* [Data segment]

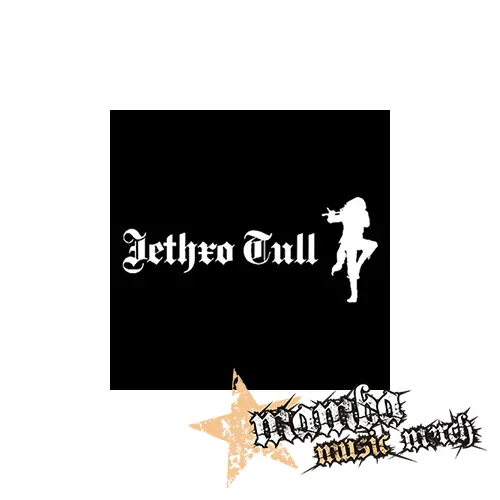 JETHRO TULL - Logo - Podložka pod pohár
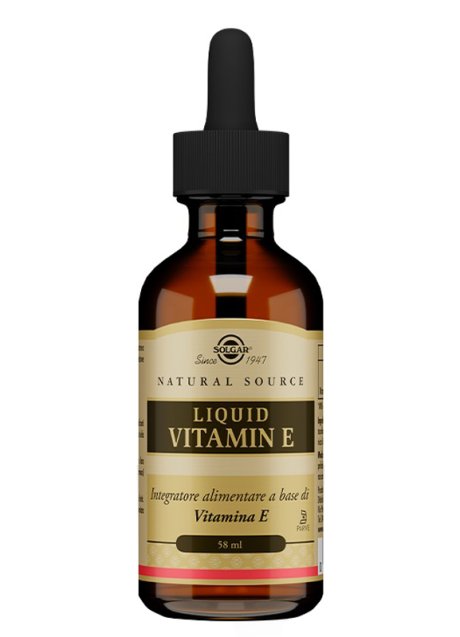 LIQUID VITAMIN E 58ML SOLGAR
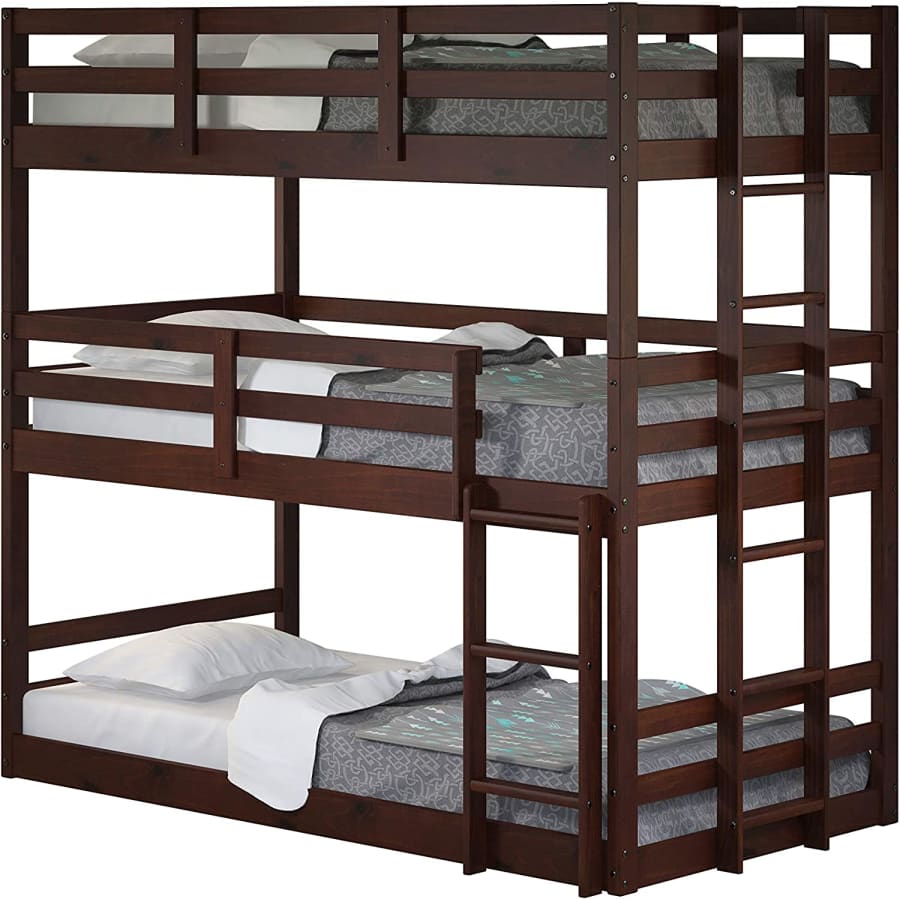 Donco Kids Triple Bunk Bed for $660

* [Task brief] Reproduce all lines above exactly. Leave the images out.

* [Answer]
 JETHRO TULL - Logo - Podložka pod pohár
 LIQUID VITAMIN E 58ML SOLGAR
 Donco Kids Triple Bunk Bed for $660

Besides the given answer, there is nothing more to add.